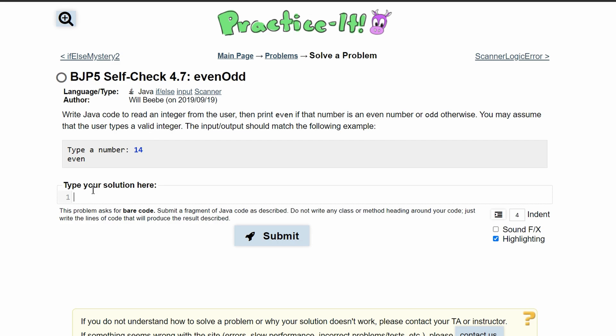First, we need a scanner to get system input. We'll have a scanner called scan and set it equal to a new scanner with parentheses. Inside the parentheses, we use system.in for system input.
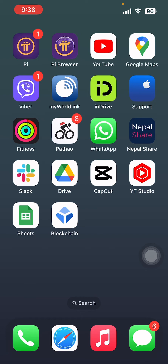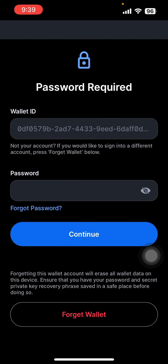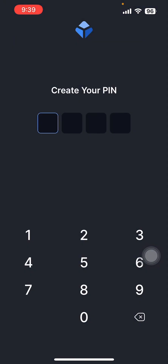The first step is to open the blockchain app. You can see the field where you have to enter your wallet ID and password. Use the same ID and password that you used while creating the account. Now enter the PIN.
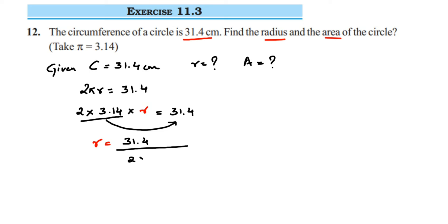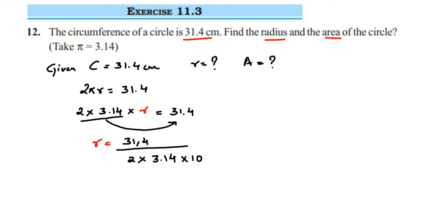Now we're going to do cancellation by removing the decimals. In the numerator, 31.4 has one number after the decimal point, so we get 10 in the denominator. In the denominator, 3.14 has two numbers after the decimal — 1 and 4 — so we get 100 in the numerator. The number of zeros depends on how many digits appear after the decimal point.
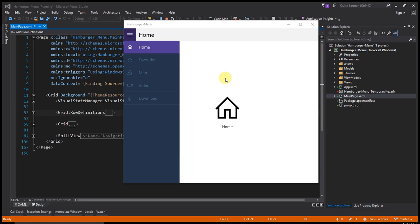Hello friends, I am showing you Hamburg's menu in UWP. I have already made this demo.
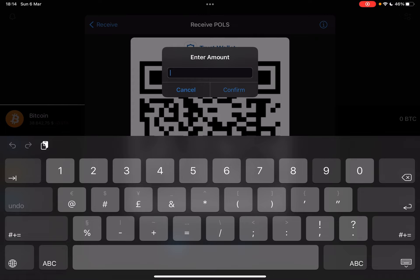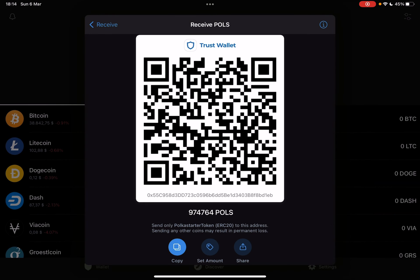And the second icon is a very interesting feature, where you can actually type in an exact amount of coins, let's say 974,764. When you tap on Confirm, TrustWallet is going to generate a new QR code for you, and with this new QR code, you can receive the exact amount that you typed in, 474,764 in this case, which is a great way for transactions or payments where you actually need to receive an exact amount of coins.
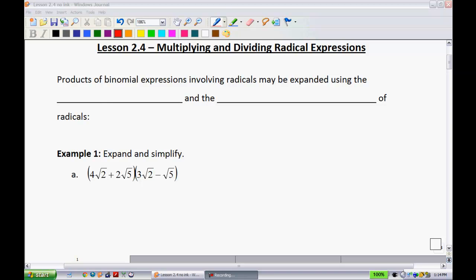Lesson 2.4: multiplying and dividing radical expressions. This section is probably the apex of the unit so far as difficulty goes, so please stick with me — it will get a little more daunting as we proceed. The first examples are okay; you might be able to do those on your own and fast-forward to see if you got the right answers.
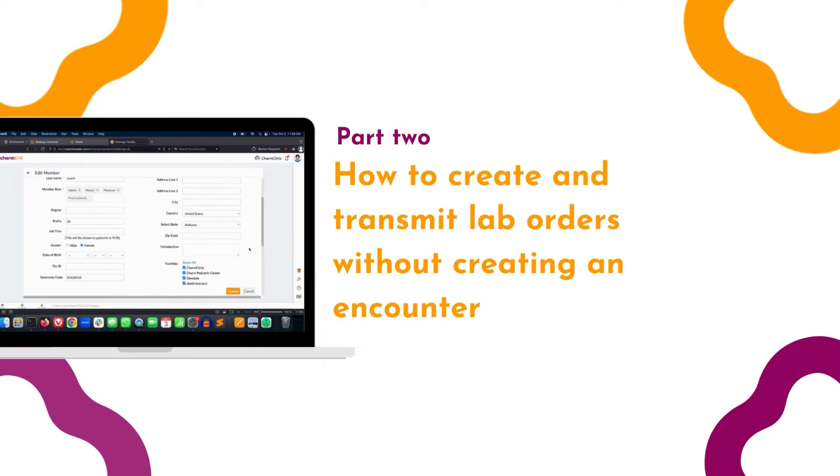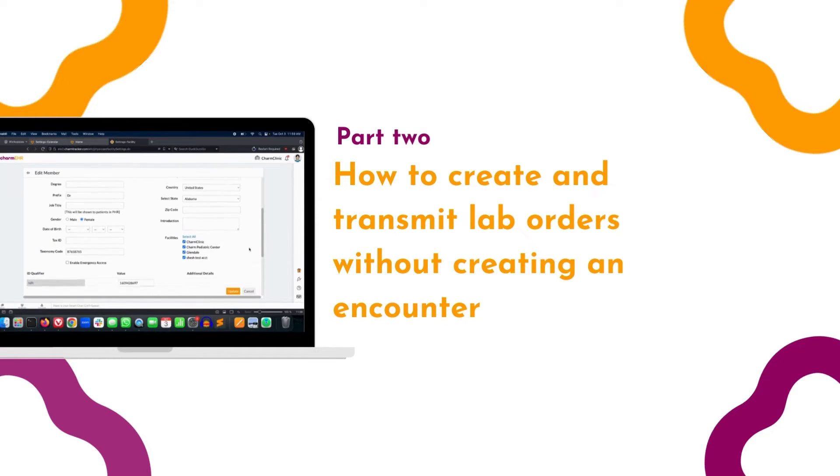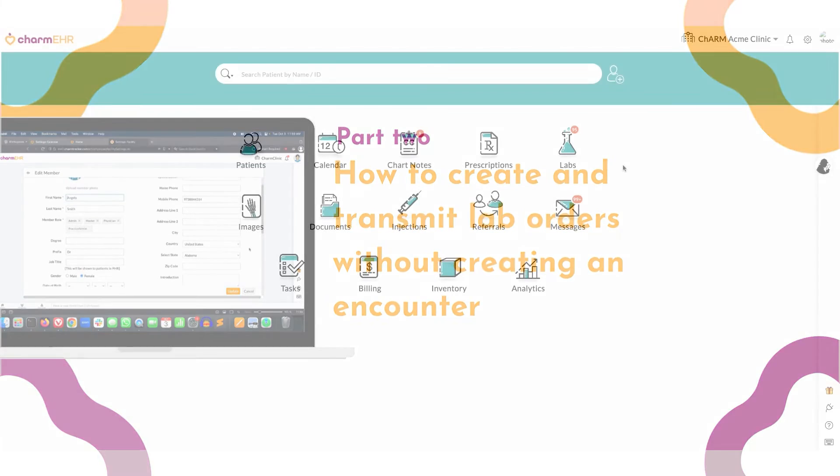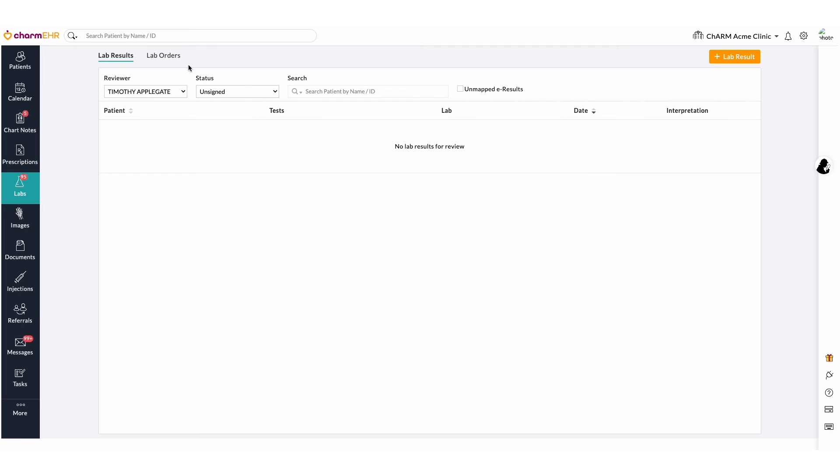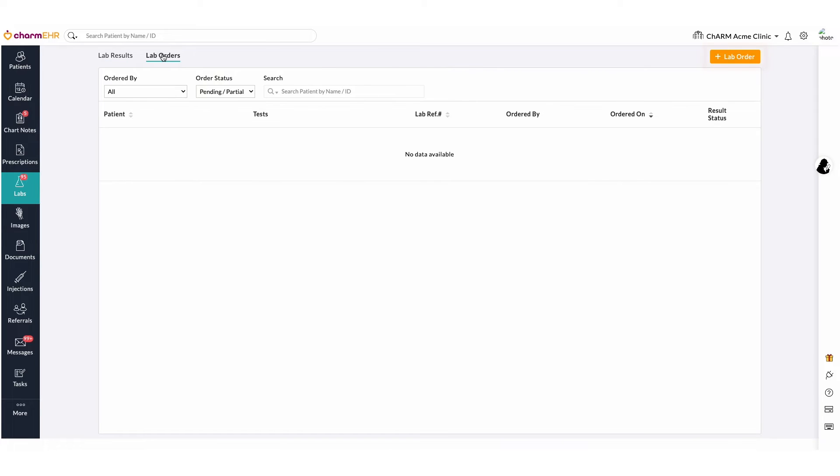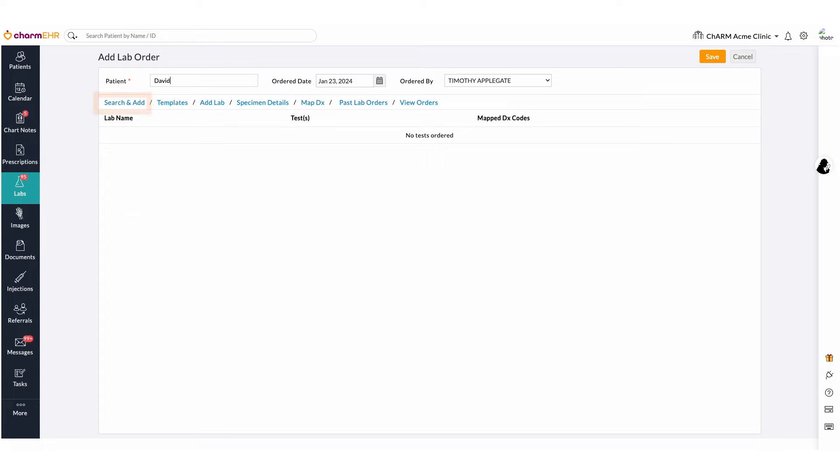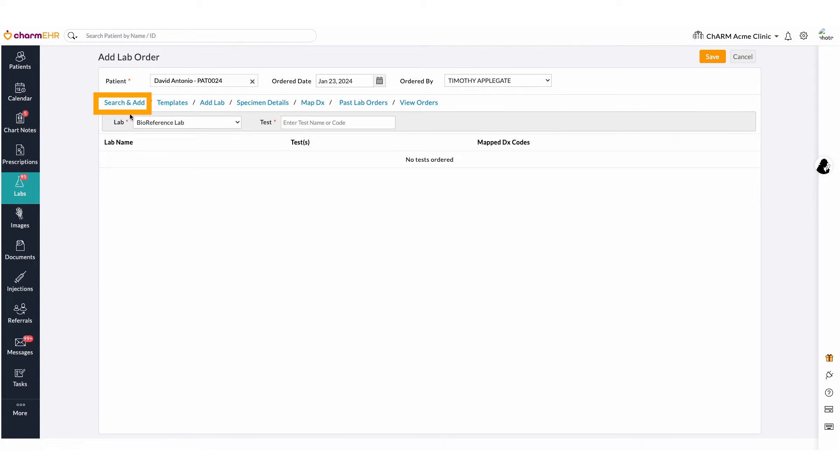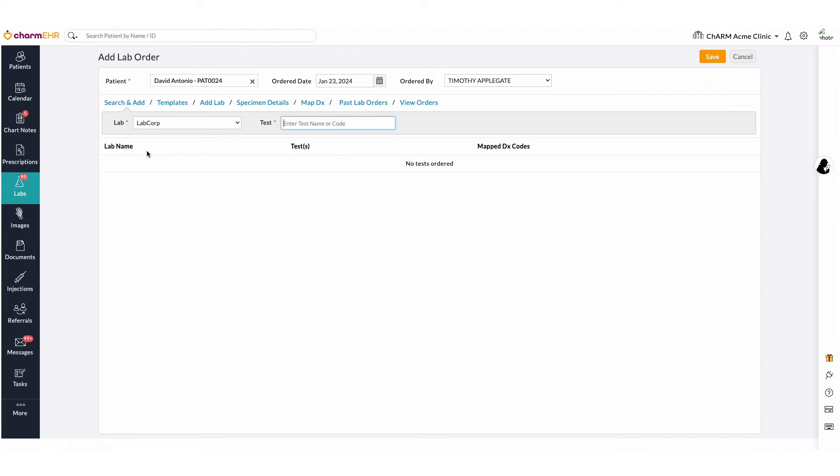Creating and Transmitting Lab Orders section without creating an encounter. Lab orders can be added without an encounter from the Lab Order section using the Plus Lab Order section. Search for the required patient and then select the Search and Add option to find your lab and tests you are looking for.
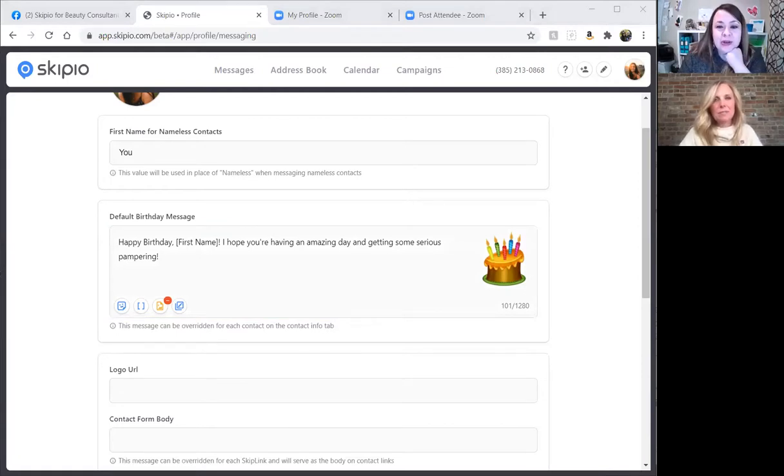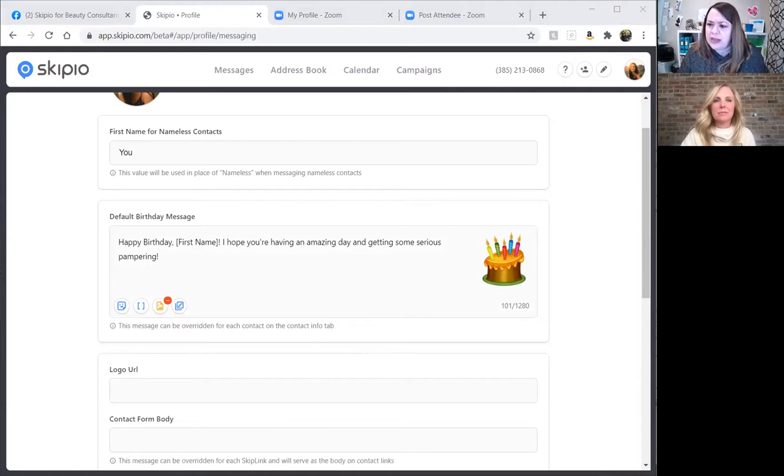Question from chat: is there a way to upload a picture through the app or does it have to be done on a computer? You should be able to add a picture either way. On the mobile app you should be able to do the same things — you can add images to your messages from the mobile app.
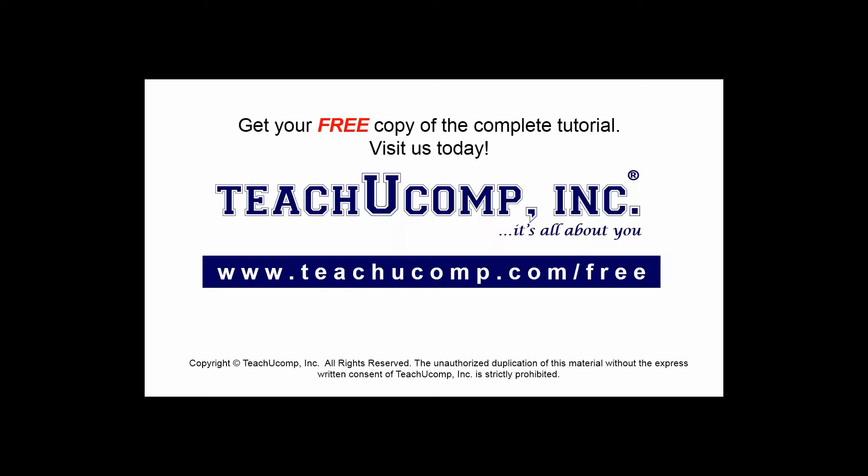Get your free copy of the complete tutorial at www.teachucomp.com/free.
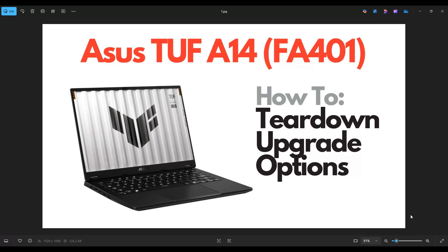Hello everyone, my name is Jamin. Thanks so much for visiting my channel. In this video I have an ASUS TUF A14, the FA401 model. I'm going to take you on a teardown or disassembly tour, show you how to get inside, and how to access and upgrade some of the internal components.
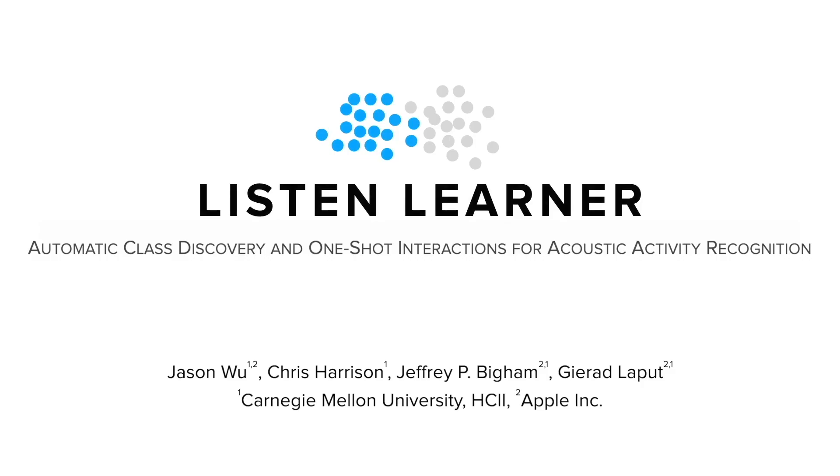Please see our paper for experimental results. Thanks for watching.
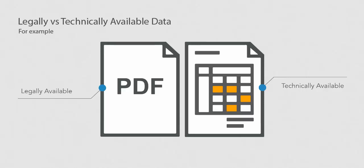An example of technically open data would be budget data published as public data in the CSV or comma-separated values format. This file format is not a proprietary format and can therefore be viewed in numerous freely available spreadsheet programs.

# # # # #

Work request: Precisely those lines above that run from the line with "Hello friends, I" up to and including the line with "And the second" are to be set down, with the pictures omitted.

Solution below:
Hello friends, I am showing you Hamburg's menu in UWP. I have already made this demo.
And the second icon is a very interesting feature, where you can actually type in an exact amount of coins, let's say 974,764. When you tap on Confirm, TrustWallet is going to generate a new QR code for you, and with this new QR code, you can receive the exact amount that you typed in, 474,764 in this case, which is a great way for transactions or payments where you actually need to receive an exact amount of coins.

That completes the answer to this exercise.